NEW YORK (The Deal)--With a $3 billion buyout offer that Paul Singer's Elliott Management announced on Wednesday, Riverbed Technology (RVBD) would join the ranks of Dell, BMC Software and Websense as another tech group that has gone private to navigate changes to the business.
The question is how receptive chairman and CEO, co-founder Jerry Kennelly, and the rest of the board will be to Elliott. When the hedge fund first took a stake in November, Riverbed adopted a shareholder rights plan.
Elliott's $19 per share bid represents a 26% premium to Riverbed's stock price before the hedge fund made a regulatory filing on Nov. 8, disclosing its position.
Shares of Riverbed raced past Elliott's buyout offer on Wednesday, gaining $1.68, or 9.41% to close at $19.53.

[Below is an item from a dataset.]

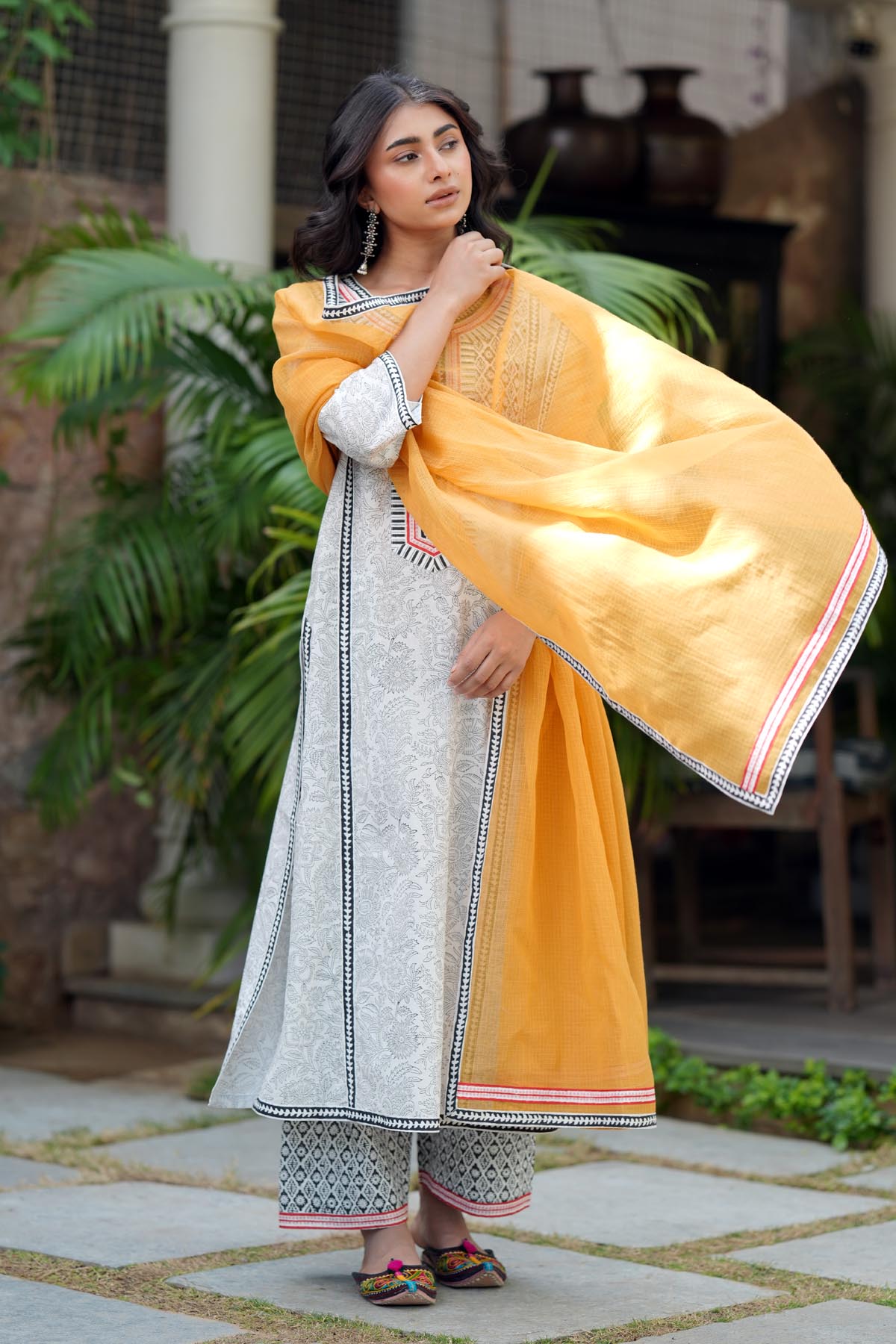 Mustard Kota Doria Dupatta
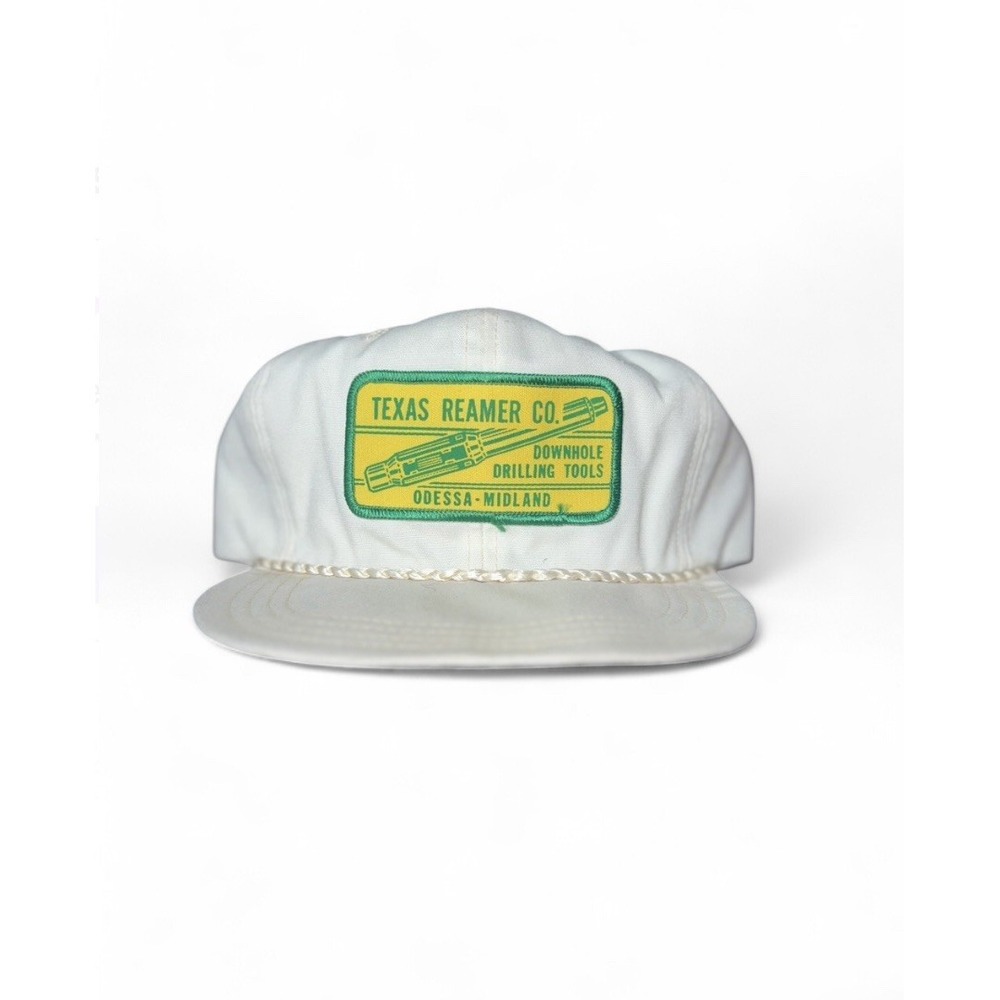 Vintage White Texas Reamer Co. Leather Back Hat Western Style Cap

The proposal includes a 45-day "go-shop" window that would allow the tech group to seek out higher bids. Other technology companies may be hard-pressed to top Elliott's bid, although other financial suitors could emerge.
Elliott portfolio manager Jesse Cohn told Riverboard's board in a Wednesday letter that waning sales in its legacy business and the cost of acquisitions and organic diversification efforts have hurt the company's valuation.
Riverbed said it would review Elliott's offer in a statement.
"There are an awful lot of venders going the way of Dell and BMC," said Ovum plc analyst Roy Illsley, regarding the trend of established technology companies going private.
San Francisco-based Riverbed sells hardware and software to large enterprises for their wide area networks. Its products address latency and bandwidth limitations in systems that cover substantial distances.
The market has leaned more heavily toward software in recent years, presenting a challenge to growth. "You can buy anybody's switch, router or controller and you can manage it from a software layer," Illsley said. Riverbed has to protect its legacy revenue stream, Illsley added, while developing its software business.